*** Opening DATA EXTRACT ***
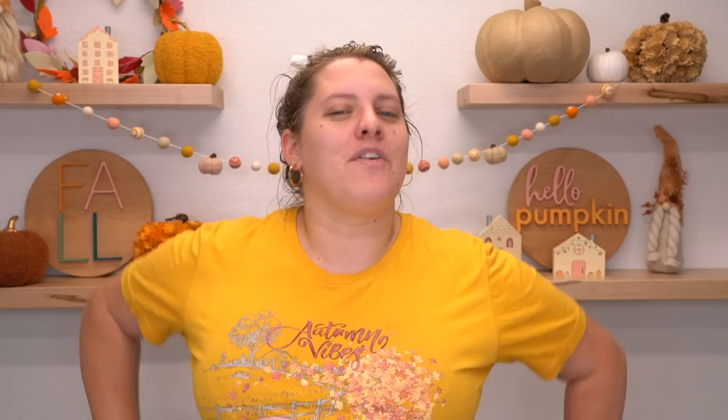Thanks so much for watching. I hope you like the candy corn soap. It will be available with our November collection — it's the first Saturday of November. Follow me on TikTok and Instagram for more short form content. The autumn collection is always one of the most fan-favorite collections. I don't know why people just love to have fall themed soaps, but it's like one of the best seasons for soap selling.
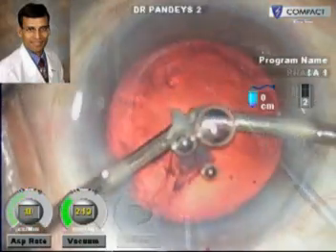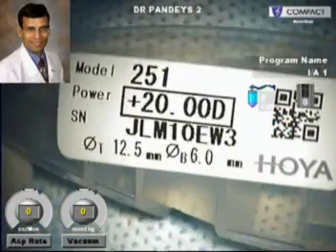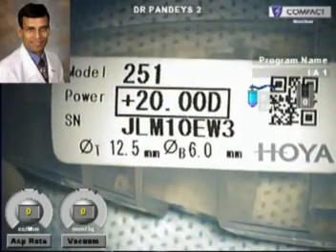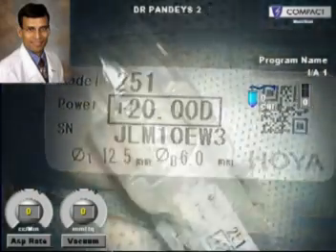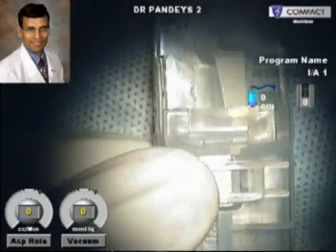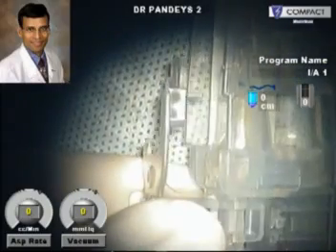After the nuclear management, we do an irrigation aspiration and clean the capsular bag completely. Now, this is the Hoya injector — the preloaded IOL system, or the ICERT — with the label for the IOL indicating the power. After confirming the power for this particular patient, the tabs on the sides are pressed and a cover which protects the IOL is removed as shown here.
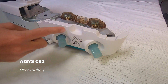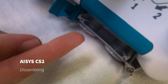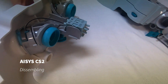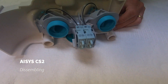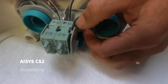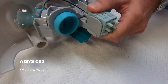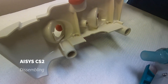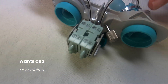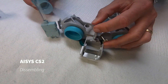Now I'm going to remove the airflow sensor assembly. There's a green lever underneath here — I'm going to pull that out and remove the airflow sensor assembly. I'll disassemble it now: the thumb screw here is unscrewed and we remove those pieces. The airflow sensors come out — they're lifted up out of the holder and just slide out.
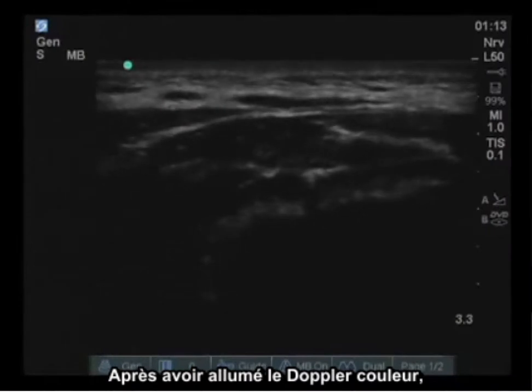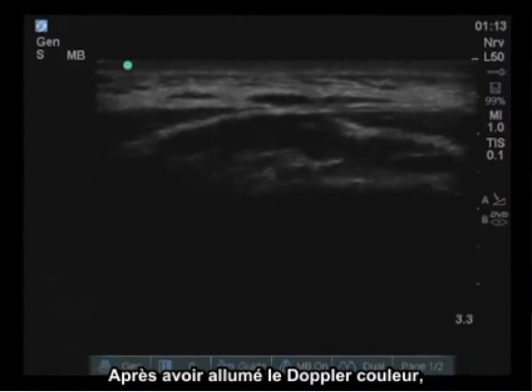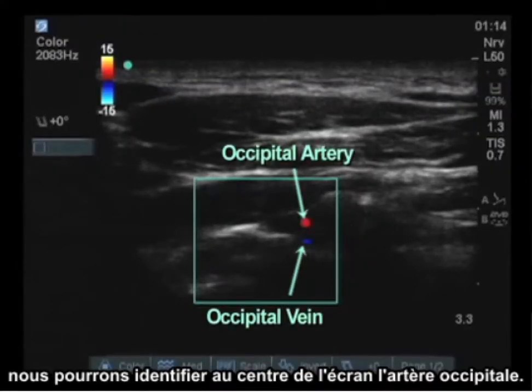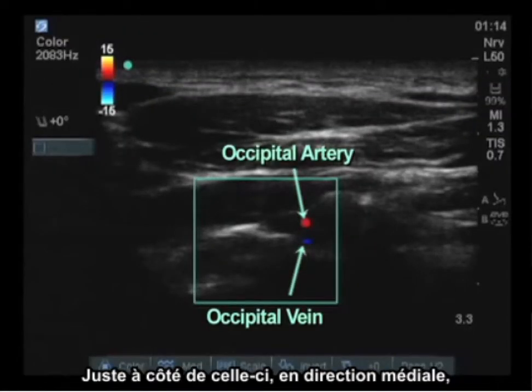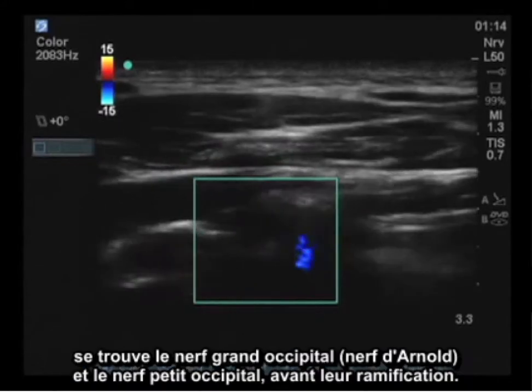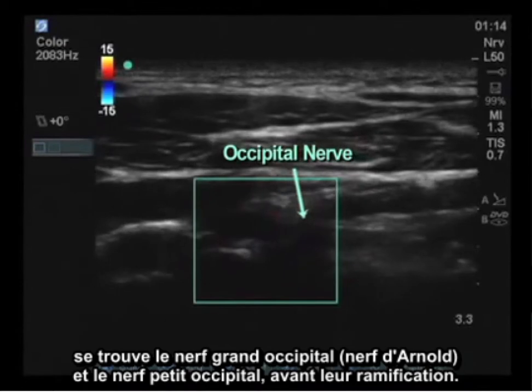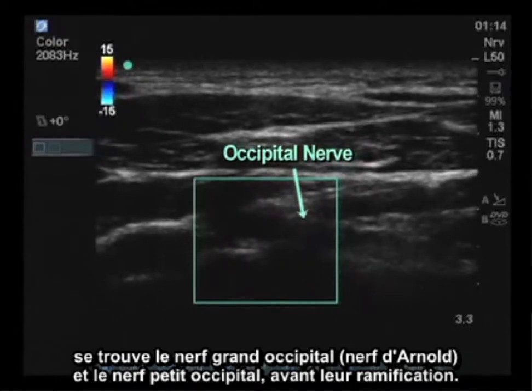In the midpoint of the screen at this point, when turning on the color flow Doppler, we will be able to identify the greater occipital artery. Immediately medial to this is the location of the greater occipital and lesser occipital nerve prior to their branching.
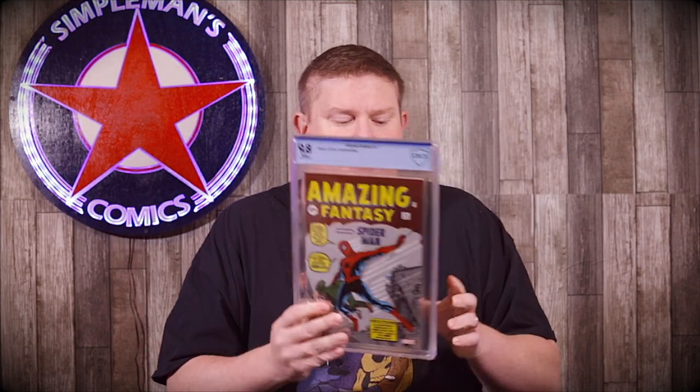One thing I really like about CBCS is they don't use that chamber paper that a lot of other grading companies use. Without that, you don't get what they call Newton rings in the cases. Sometimes if you get a book graded from another company, you can look at it and it looks like there's an oil slick or a prism effect — almost like baby oil is in there — but that's those Newton rings. CBCS avoids that entirely.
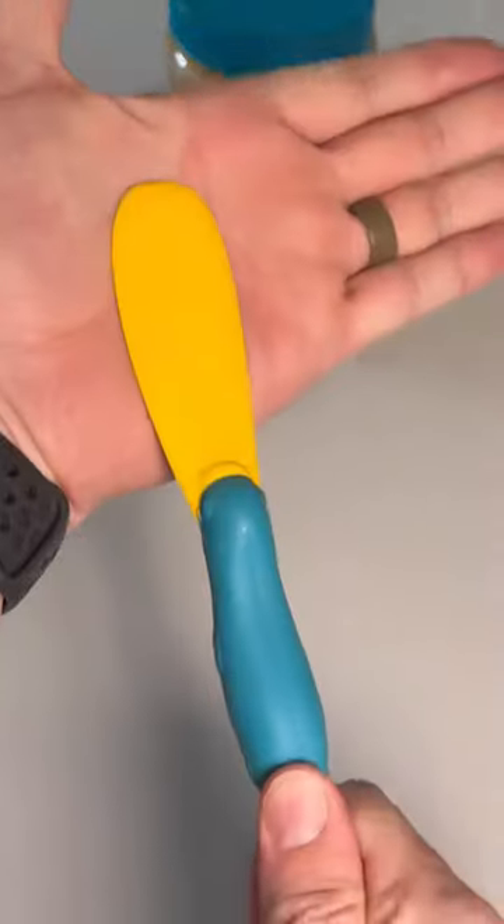Amazon Kitchen Hacks. This is my Splatipus that is specifically designed to be cute but also angled and rounded enough to effectively get the most out of all your jars.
*** Closing DATA EXTRACT ***
_WHAT IS EXPECTED_:
Using the listing above, copy exactly the lines from the one that contains "One thing I" through its last line, both included, but not the pictures.

_SOLUTION FOR THIS EXERCISE_:
One thing I really like about CBCS is they don't use that chamber paper that a lot of other grading companies use. Without that, you don't get what they call Newton rings in the cases. Sometimes if you get a book graded from another company, you can look at it and it looks like there's an oil slick or a prism effect — almost like baby oil is in there — but that's those Newton rings. CBCS avoids that entirely.
Amazon Kitchen Hacks. This is my Splatipus that is specifically designed to be cute but also angled and rounded enough to effectively get the most out of all your jars.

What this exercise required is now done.